# Exercise aim
Only the text of the records belongs in the answer, copied exactly and without pictures.
** Dataset records follows **
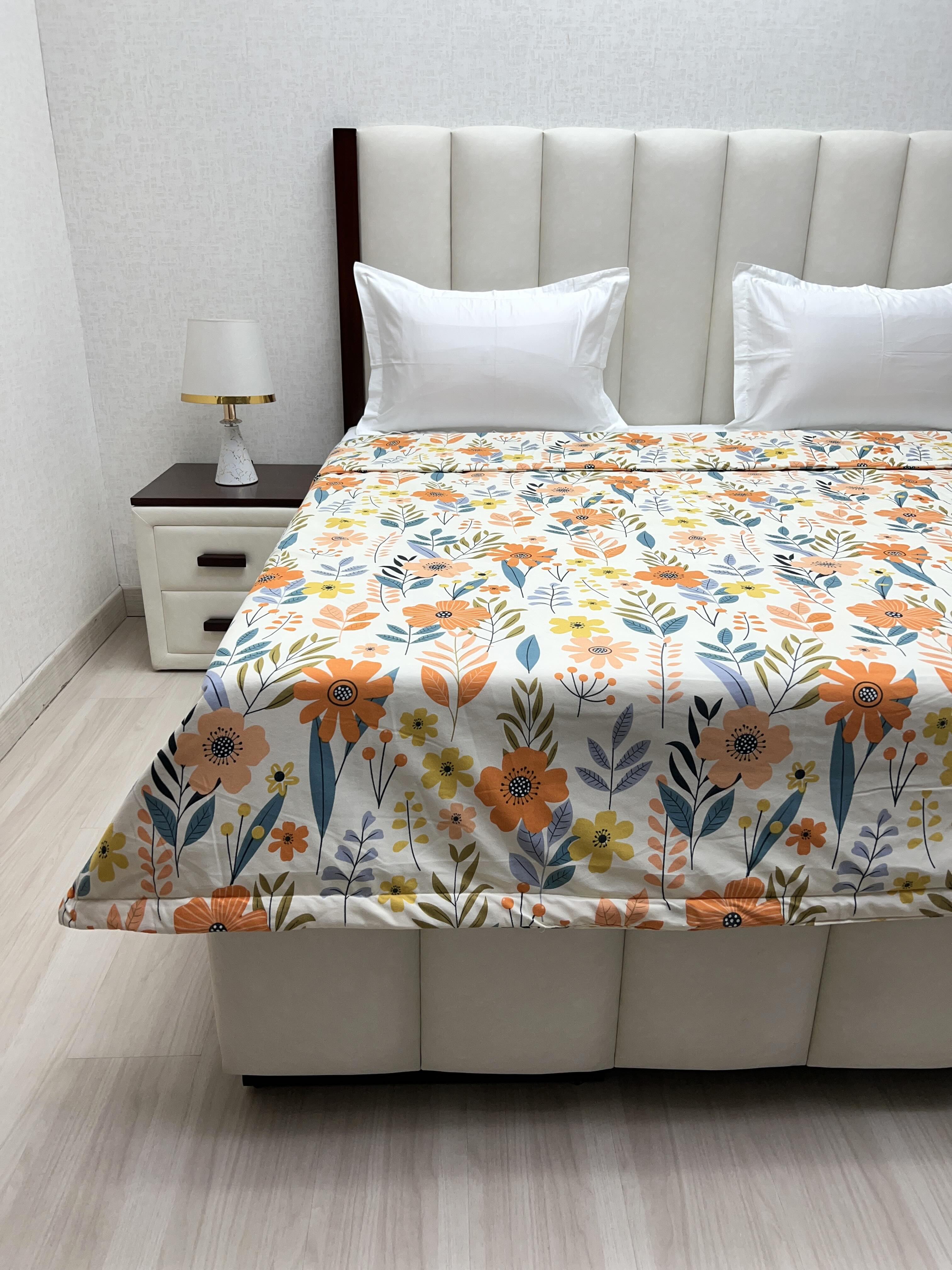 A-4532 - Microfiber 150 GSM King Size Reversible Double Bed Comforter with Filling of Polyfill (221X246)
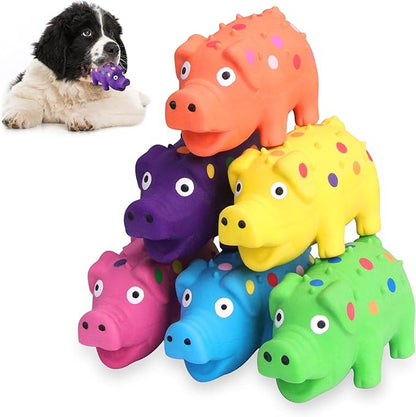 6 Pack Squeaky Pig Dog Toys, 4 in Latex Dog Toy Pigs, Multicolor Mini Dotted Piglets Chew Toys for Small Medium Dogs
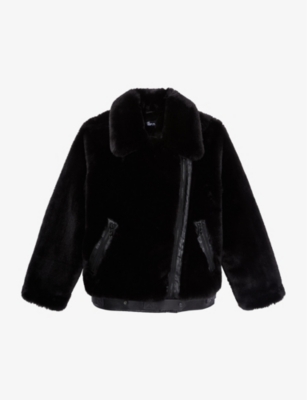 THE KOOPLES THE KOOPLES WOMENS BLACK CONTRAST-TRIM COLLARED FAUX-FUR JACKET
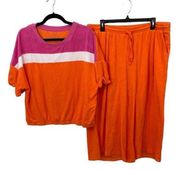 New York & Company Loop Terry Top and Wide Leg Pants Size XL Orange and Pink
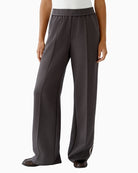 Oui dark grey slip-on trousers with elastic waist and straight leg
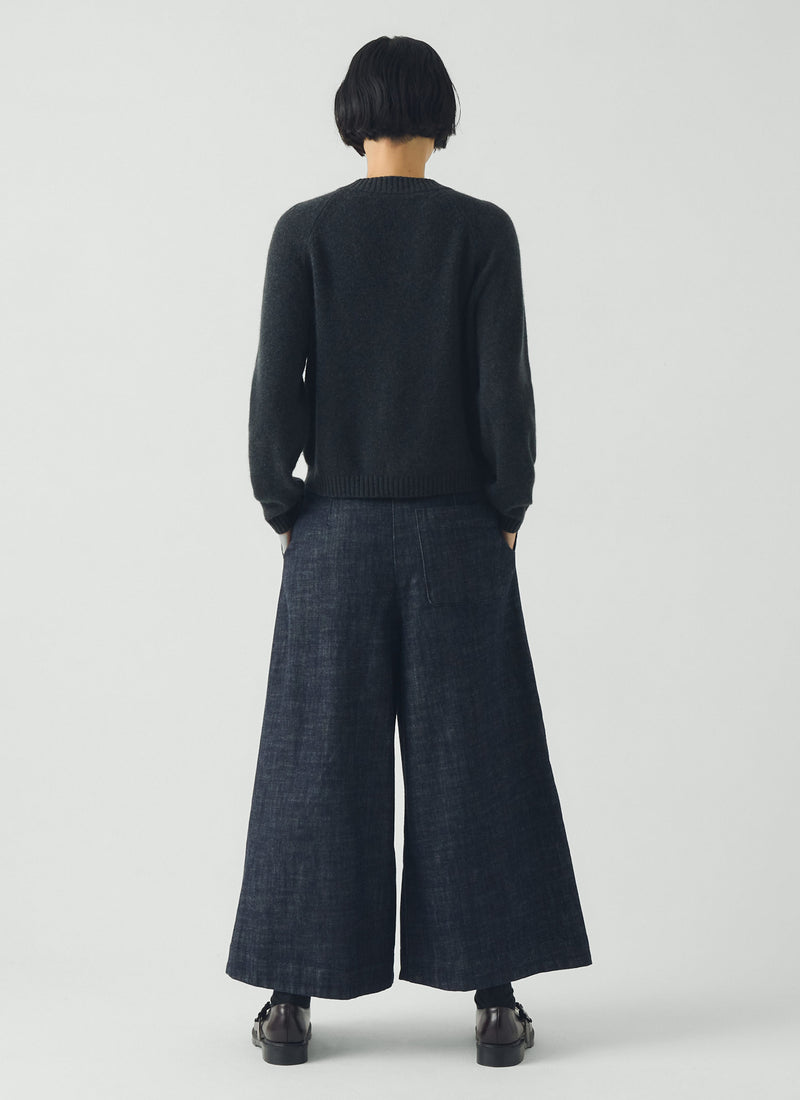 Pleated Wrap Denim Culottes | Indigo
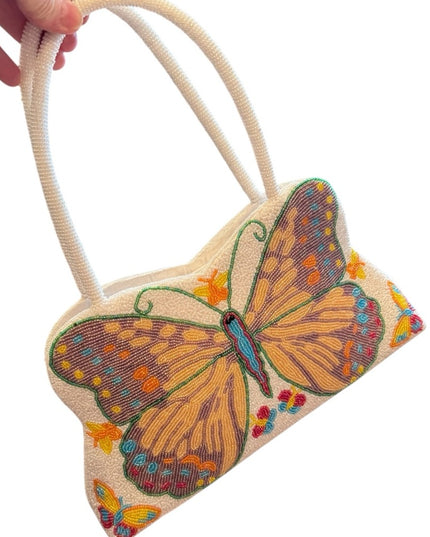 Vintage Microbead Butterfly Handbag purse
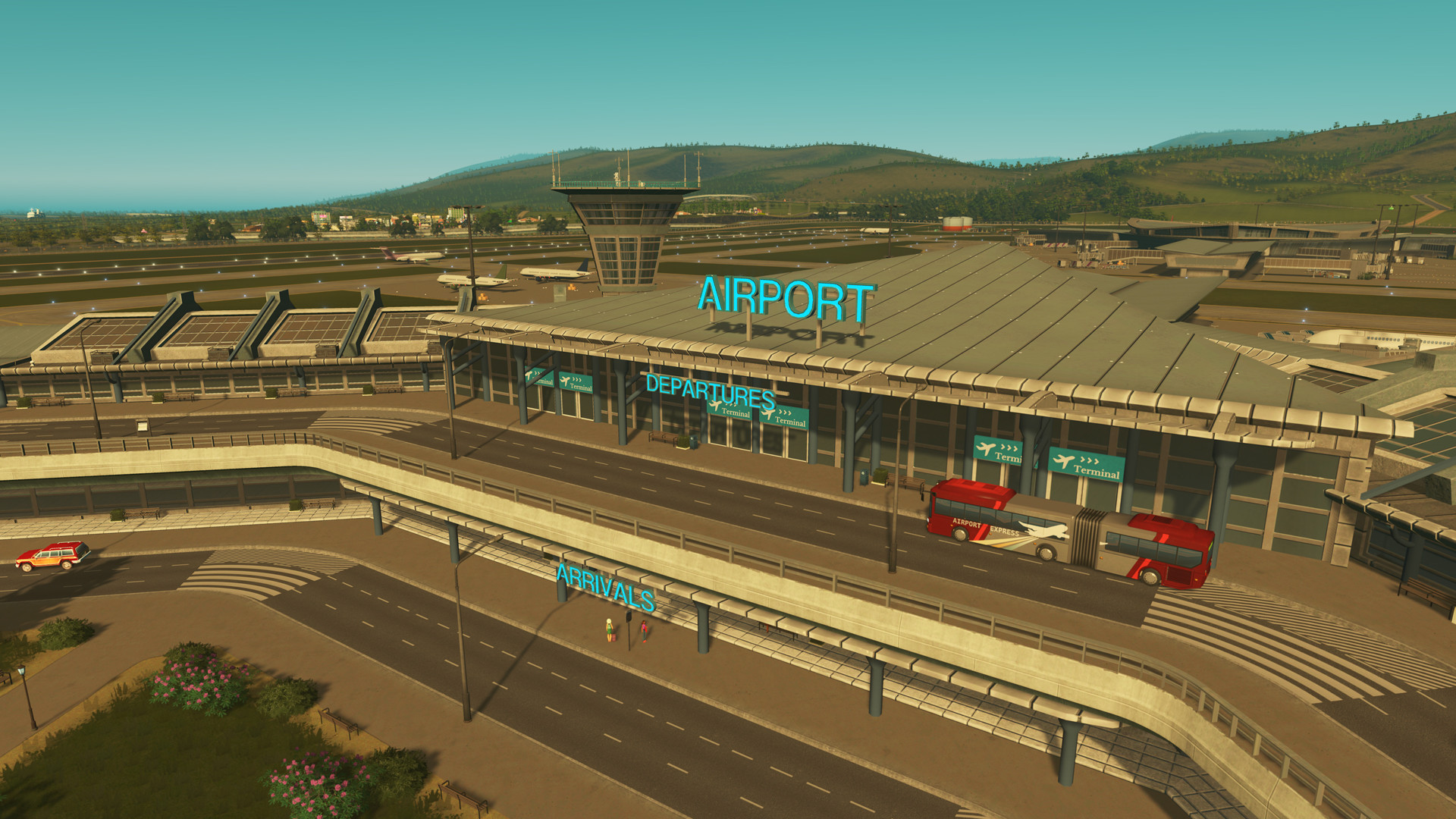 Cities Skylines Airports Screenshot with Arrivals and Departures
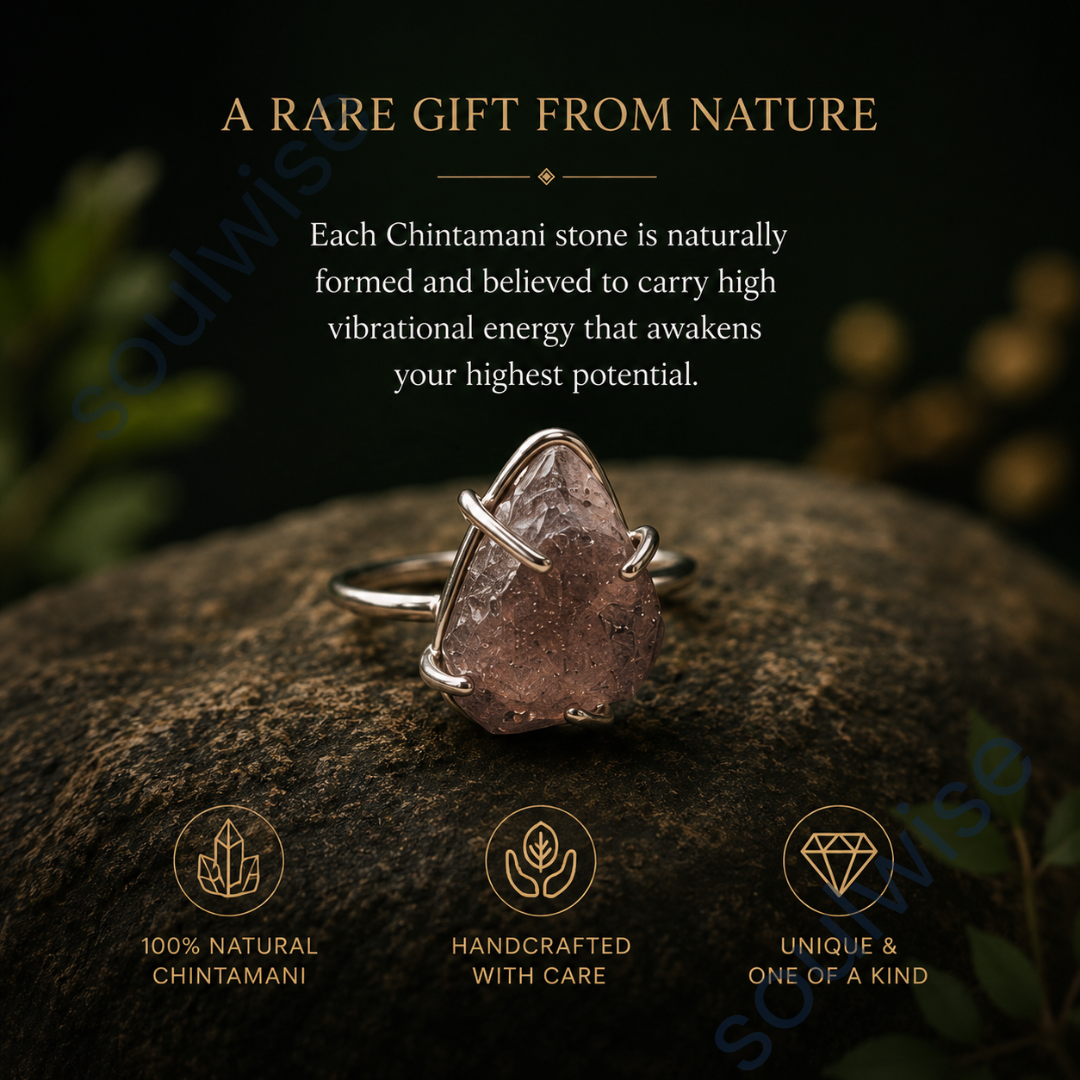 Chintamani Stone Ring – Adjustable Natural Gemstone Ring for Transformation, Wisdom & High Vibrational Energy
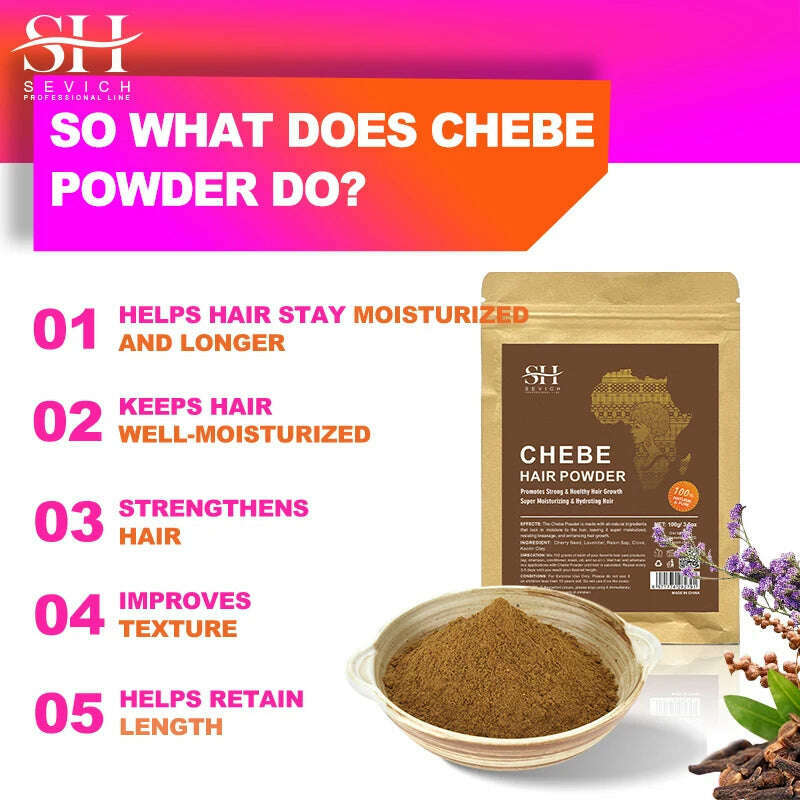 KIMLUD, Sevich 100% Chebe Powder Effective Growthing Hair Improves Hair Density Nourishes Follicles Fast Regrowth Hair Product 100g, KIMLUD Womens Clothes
** End of Dataset records **
# Task answer
 A-4532 - Microfiber 150 GSM King Size Reversible Double Bed Comforter with Filling of Polyfill (221X246)
 6 Pack Squeaky Pig Dog Toys, 4 in Latex Dog Toy Pigs, Multicolor Mini Dotted Piglets Chew Toys for Small Medium Dogs
 THE KOOPLES THE KOOPLES WOMENS BLACK CONTRAST-TRIM COLLARED FAUX-FUR JACKET
 New York & Company Loop Terry Top and Wide Leg Pants Size XL Orange and Pink
 Oui dark grey slip-on trousers with elastic waist and straight leg
 Pleated Wrap Denim Culottes | Indigo
 Vintage Microbead Butterfly Handbag purse
 Cities Skylines Airports Screenshot with Arrivals and Departures
 Chintamani Stone Ring – Adjustable Natural Gemstone Ring for Transformation, Wisdom & High Vibrational Energy
 KIMLUD, Sevich 100% Chebe Powder Effective Growthing Hair Improves Hair Density Nourishes Follicles Fast Regrowth Hair Product 100g, KIMLUD Womens Clothes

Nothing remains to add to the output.